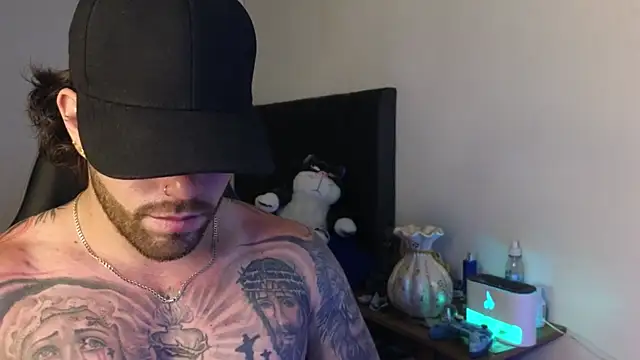 Snapshot of Ades_Lowe chatting on 04-09-26, 09:04 Ades Lowe online show from 04-09-26, 09:04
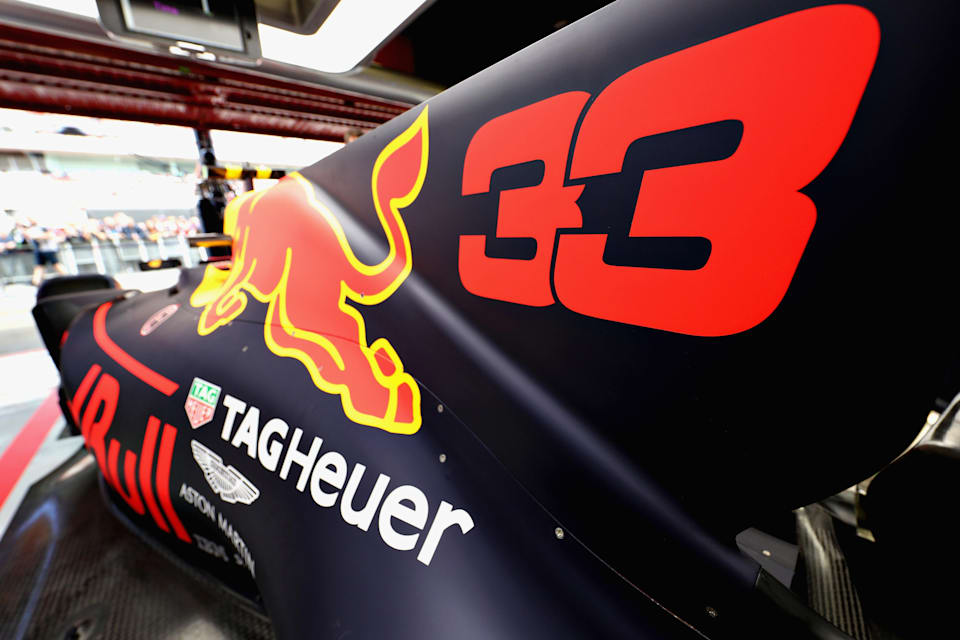 max-verstappen-numer-33-na-bolidzie-f1.jpg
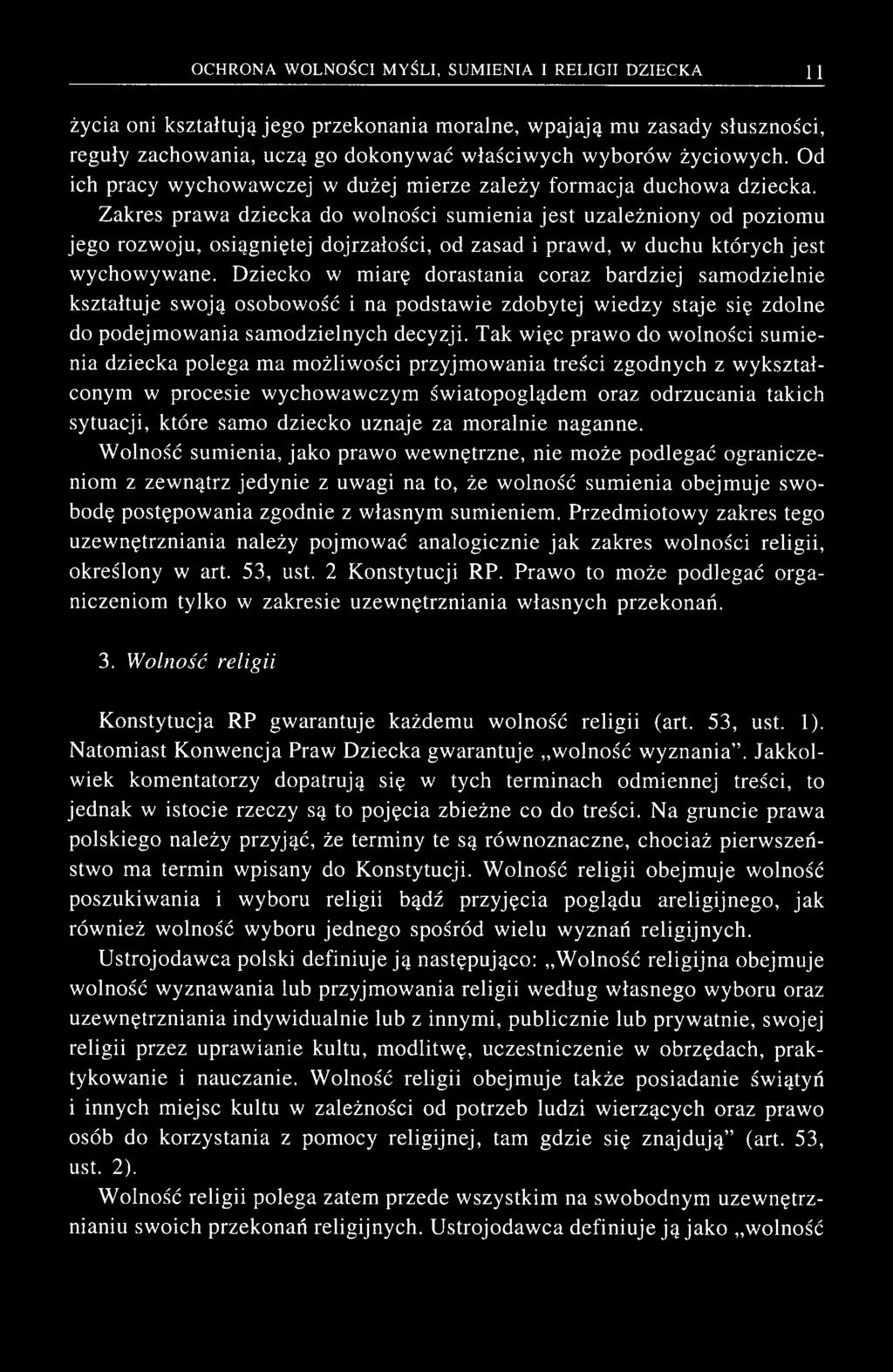 życia oni kształtują jego przekonania m oralne, w pajają mu zasady słuszności, reguły zachow ania, uczą go dokonywać w łaściw ych wyborów życiow ych.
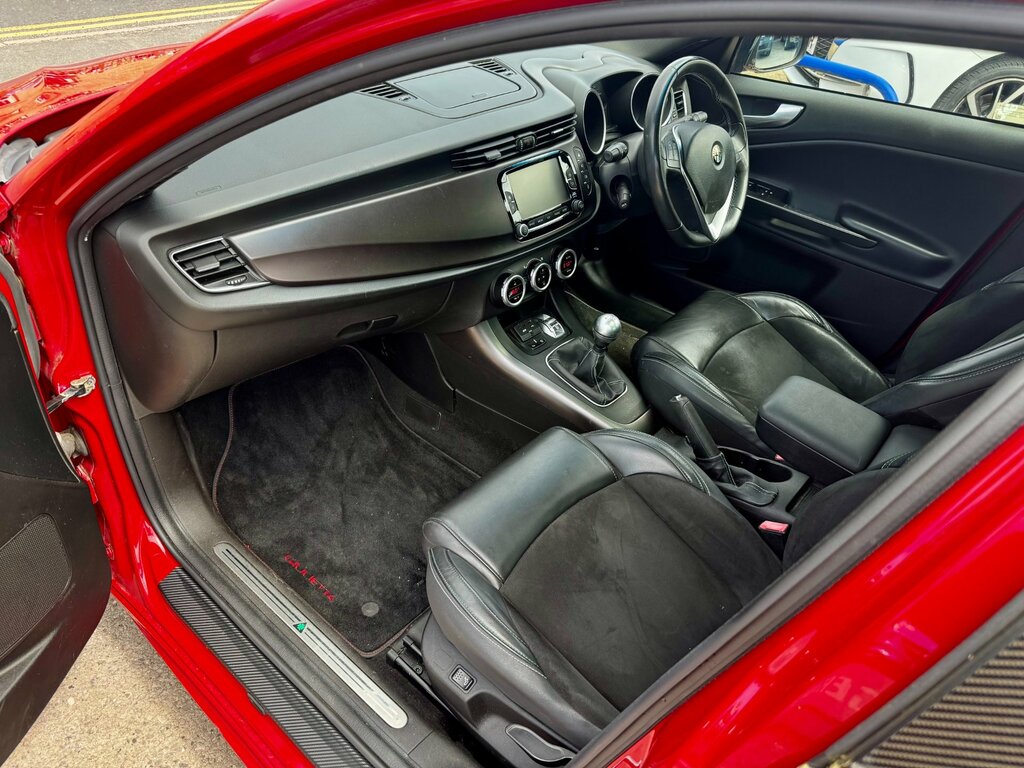 Alfa Romeo Giulietta 1.4 Tb Multiair Sprint 150 Bhp Red #68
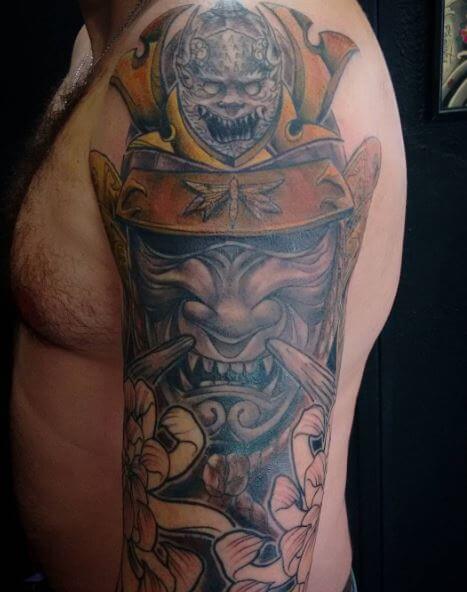 Tatuaje de samurái en el brazo 34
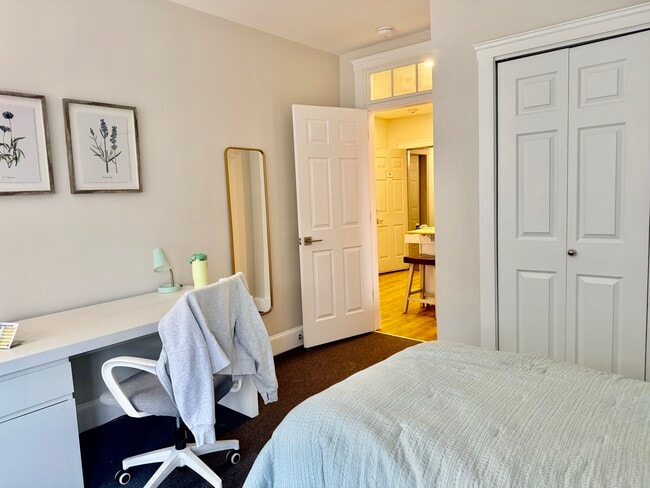 Photo - 829-833 Beacon Unit 5D Unit 5D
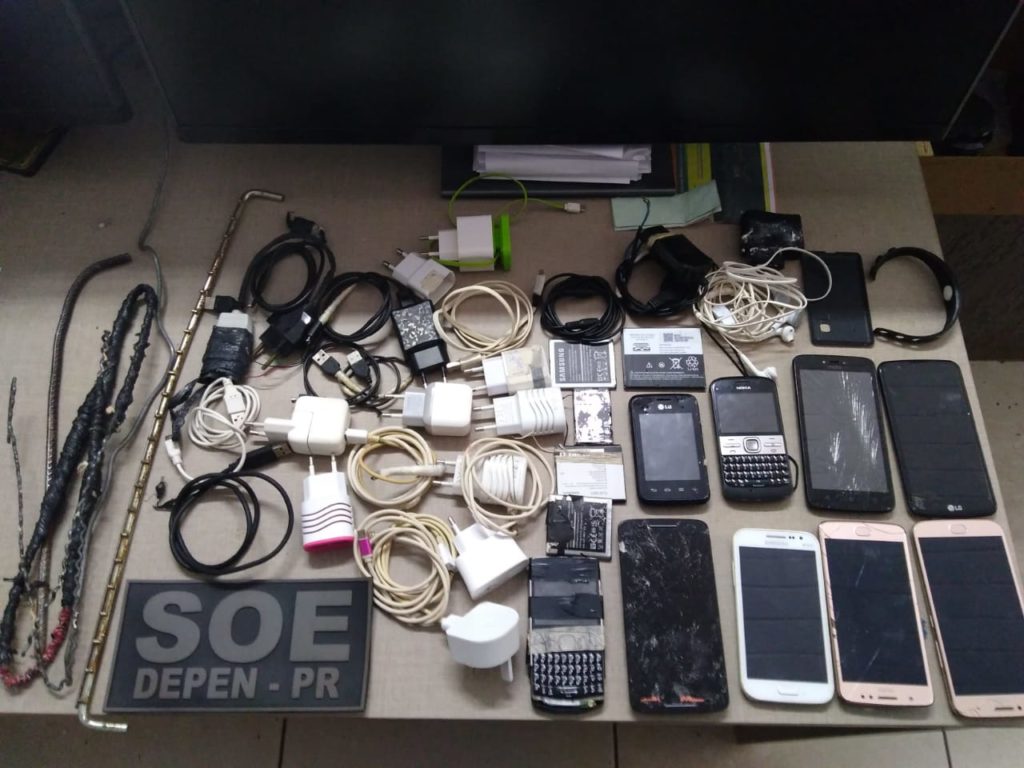 Agentes Penitenciários apreendem celulares nas Cadeias Públicas de Marialva e Marechal Cândido Ronon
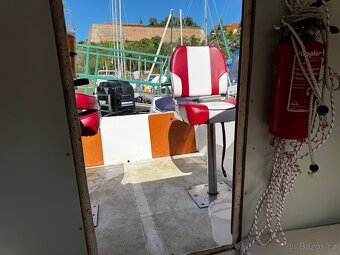 Kajutová motorový člun - 9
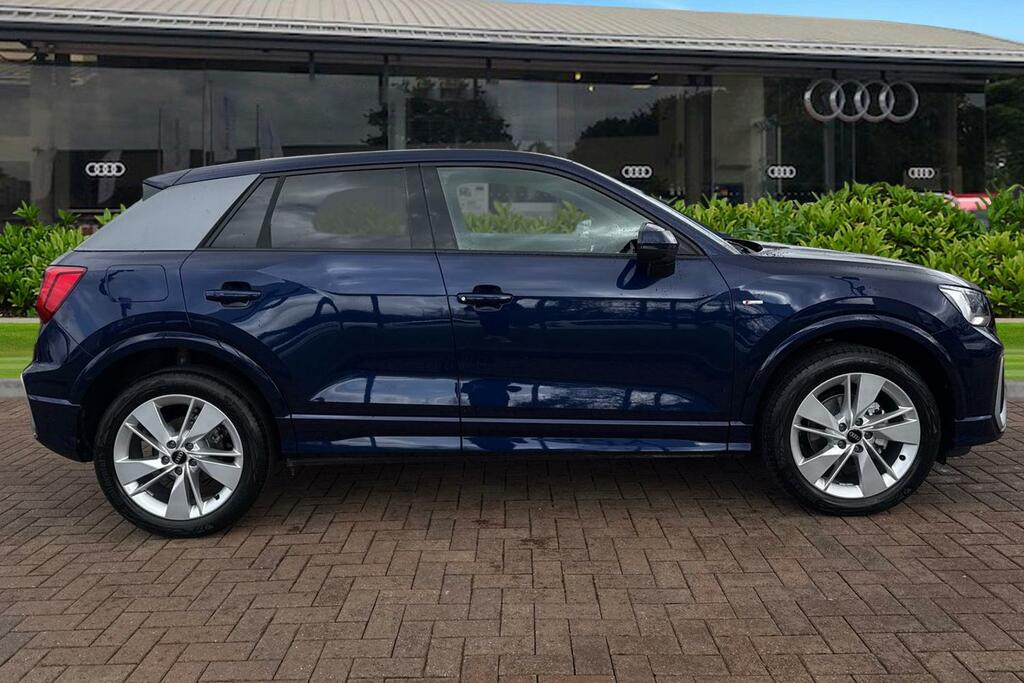 Audi Q2 S Line 35 Tfsi 150 Ps S Tronic BU26ZGR Blue #3
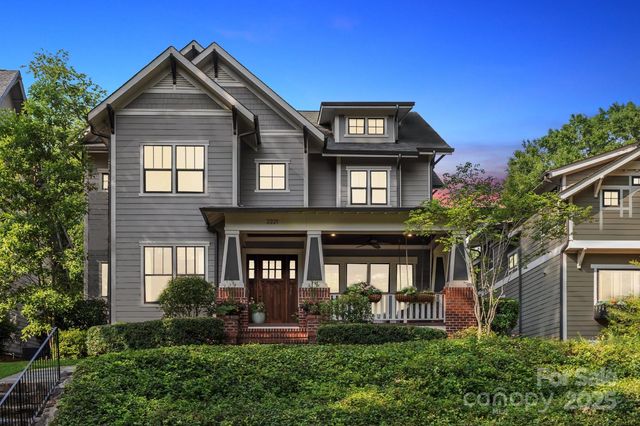 2221 Kenmore Avenue, Charlotte, NC 28204
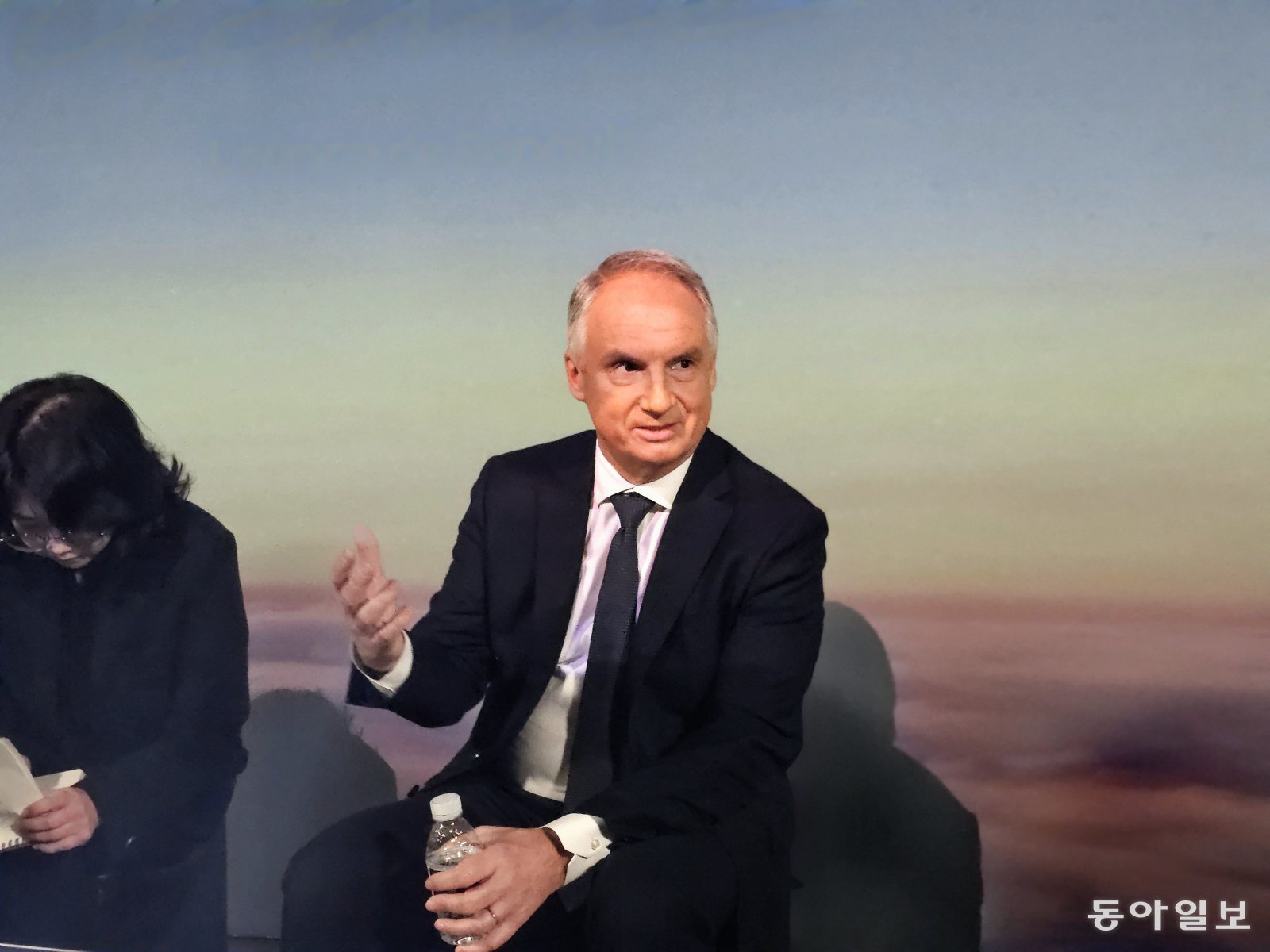 캄볼리브 르노 브랜드 최고경영자(CEO·부회장)가 13일 오전 서울 광진구 워커힐호텔에서 신차 ‘필랑트’를 공개한 이후 국내 언론 매체들과 인터뷰하고 있다. 김재형 기자 monami@donga.com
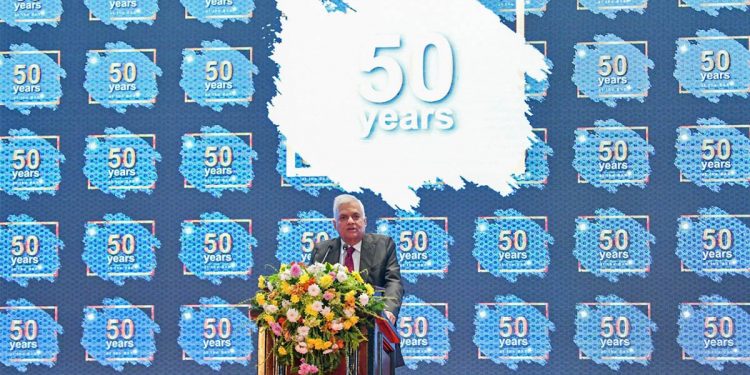ජනාධිපතිගෙ නීතීඥ දිවියට අවුරුදු 50ක්! ෂැංග්‍රිලා හෝටලයේ ලොකු උත්සවයක්! මහින්දලා සම්බන්දන්ලා හකීම්ලා මහින්ද යාපාලා වජිරලා නිමල් සිරිපාලලත් ඇවිල්ලා! ජනාධිපති මාධ්‍ය අංශය කියන විදිහට අගවිනිසුරු ජයන්ත ජයසූරිය මහතාත් ඇවිල්ලා! (PHOTOS)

---*---

**What is needed:**
Only an exact copy of the entries, with no pictures, is expected as the answer.

**Task response:**
 Snapshot of Ades_Lowe chatting on 04-09-26, 09:04 Ades Lowe online show from 04-09-26, 09:04
 max-verstappen-numer-33-na-bolidzie-f1.jpg
 życia oni kształtują jego przekonania m oralne, w pajają mu zasady słuszności, reguły zachow ania, uczą go dokonywać w łaściw ych wyborów życiow ych.
 Alfa Romeo Giulietta 1.4 Tb Multiair Sprint 150 Bhp Red #68
 Tatuaje de samurái en el brazo 34
 Photo - 829-833 Beacon Unit 5D Unit 5D
 Agentes Penitenciários apreendem celulares nas Cadeias Públicas de Marialva e Marechal Cândido Ronon
 Kajutová motorový člun - 9
 Audi Q2 S Line 35 Tfsi 150 Ps S Tronic BU26ZGR Blue #3
 2221 Kenmore Avenue, Charlotte, NC 28204
 캄볼리브 르노 브랜드 최고경영자(CEO·부회장)가 13일 오전 서울 광진구 워커힐호텔에서 신차 ‘필랑트’를 공개한 이후 국내 언론 매체들과 인터뷰하고 있다. 김재형 기자 monami@donga.com
ජනාධිපතිගෙ නීතීඥ දිවියට අවුරුදු 50ක්! ෂැංග්‍රිලා හෝටලයේ ලොකු උත්සවයක්! මහින්දලා සම්බන්දන්ලා හකීම්ලා මහින්ද යාපාලා වජිරලා නිමල් සිරිපාලලත් ඇවිල්ලා! ජනාධිපති මාධ්‍ය අංශය කියන විදිහට අගවිනිසුරු ජයන්ත ජයසූරිය මහතාත් ඇවිල්ලා! (PHOTOS)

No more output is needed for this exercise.